To assess the precision of our model in detecting atomic activities, we utilize the Atomic Accuracy Score. This metric measures the proportion of atomic activities correctly identified above a specified confidence threshold $\alpha$ relative to the total number of activities detected. The score is mathematically defined as:

\text{Atomic Accuracy}=\frac{\sum_{i=1}^{n}\chi(p_{i}>\alpha)}{n}

where $p_{i}$ denotes the confidence score of the $i$ -th detected activity, $n$ is the total number of detected activities, and $\chi$ is the indicator function that returns 1 if $p_{i}>\alpha$ , and 0 otherwise. In practical terms, we set $\alpha=0.4$ , ensuring that only activities detected with a confidence level above 40% are considered in the accuracy measurement. This strategy focuses on the most reliably detected activities, thus providing a more meaningful assessment of the model’s performance in smart space environments.

4.2.2. Complex Activity F1 score

In the evaluation of our model’s performance on complex activity classification, the F1 score is employed as a critical metric. The F1 score is a harmonic mean of precision and recall, providing a balanced measure that considers both the false positives and false negatives. This is especially important in our context where some complex activities may be underrepresented in the dataset.
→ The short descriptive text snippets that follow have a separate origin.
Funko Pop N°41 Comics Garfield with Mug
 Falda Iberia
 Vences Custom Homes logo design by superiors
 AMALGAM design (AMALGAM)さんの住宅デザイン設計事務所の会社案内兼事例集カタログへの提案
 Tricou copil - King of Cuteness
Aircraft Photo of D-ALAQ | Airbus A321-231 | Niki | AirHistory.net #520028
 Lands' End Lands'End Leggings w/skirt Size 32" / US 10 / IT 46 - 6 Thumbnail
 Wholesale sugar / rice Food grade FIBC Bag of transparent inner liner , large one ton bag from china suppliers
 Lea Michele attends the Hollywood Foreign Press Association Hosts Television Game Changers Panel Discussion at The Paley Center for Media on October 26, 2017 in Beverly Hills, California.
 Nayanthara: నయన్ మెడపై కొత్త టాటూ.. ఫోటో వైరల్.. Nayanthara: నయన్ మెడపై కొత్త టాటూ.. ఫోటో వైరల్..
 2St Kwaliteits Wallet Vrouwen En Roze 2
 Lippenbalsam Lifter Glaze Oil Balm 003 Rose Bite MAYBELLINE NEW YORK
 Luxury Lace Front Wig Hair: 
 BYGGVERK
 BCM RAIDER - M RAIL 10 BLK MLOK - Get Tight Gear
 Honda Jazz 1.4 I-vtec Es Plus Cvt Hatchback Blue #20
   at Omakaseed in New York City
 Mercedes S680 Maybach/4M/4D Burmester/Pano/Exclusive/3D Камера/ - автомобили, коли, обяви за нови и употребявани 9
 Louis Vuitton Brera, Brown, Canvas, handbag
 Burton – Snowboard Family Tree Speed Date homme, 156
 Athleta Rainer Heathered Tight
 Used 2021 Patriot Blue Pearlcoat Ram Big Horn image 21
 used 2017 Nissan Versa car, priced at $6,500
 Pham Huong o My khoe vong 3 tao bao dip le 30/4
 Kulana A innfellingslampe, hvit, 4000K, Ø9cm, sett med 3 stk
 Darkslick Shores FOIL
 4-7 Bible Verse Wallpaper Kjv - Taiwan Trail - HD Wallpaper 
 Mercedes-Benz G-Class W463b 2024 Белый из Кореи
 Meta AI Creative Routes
The F1 score is calculated as follows:

\text{F1 Score}=2\times\frac{\text{Precision}\times\text{Recall}}{\text{% Precision}+\text{Recall}}

4.2.3. Model Comparison

In this study, we evaluate the performance of our proposed model against several established baselines in the field of CHAR. We provide a detailed description of our model in Subsection 3.5. For a fair comparison, we design the baselines with similar structures to ensure that each comparison model has approximately the same number of parameters. We employ the AdamW optimizer for training, with a maximum of 300 epochs. The following subsections detail the configurations of each comparison group:

•

ConvLSTM: Often considered a foundational architecture for addressing CHAR problems(Peng et al., 2018b; Varshney et al., 2022; Singh et al., 2023; Haresamudram et al., 2019), the ConvLSTM serves as a baseline to evaluate the enhancements our method brings to activity recognition. This model integrates a sensor fusion module utilizing CNN to extract primary sensor features, combined with LSTM networks to capture temporal dependencies among these features. The architecture culminates in a temporal convolution layer followed by a dense output layer, which collectively aim to optimize the recognition of complex human activities.
•

Concept Bottleneck(Koh et al., 2020): Utilizes a CNN-based structure to detect atomic concepts before advancing to higher-level concepts, applying MSE loss for concept identification. This hierarchical approach is possible to applied to complex activity recognition.
•

PEMM: The Pointwise Error Minimization Method (PEMM) is utilized as a comparative baseline in our study. It addresses potential concerns that Concept Bottleneck outcomes are limited by reliance on CNN architectures. To evaluate our model’s performance enhancements, we incorporate MSE in an ablation study, contrasting it with PEMM to highlight the effectiveness and advancements of our approach.
•

Debornair(Chen et al., 2021): This model parallels our basic ConvLSTM structure with a distinct preprocessing module that processes sensor data for atomic and complex activities separately before merging them. Debornair exclusively design for complex output only, focusing solely on the integration of processed data without predicting atomic activities.
•

XCHAR(Jeyakumar et al., 2023): Based on a vanilla ConvLSTM architecture, XCHAR differentiates itself by employing CTC(Connectionist Temporal Classification) loss to emphasize the importance of sequence in atomic activities. However, real-life datasets often suffer from errors or omissions in the sequencing of atomic activities, limiting the applicability of this model to certain datasets where precise sequence labeling is feasible.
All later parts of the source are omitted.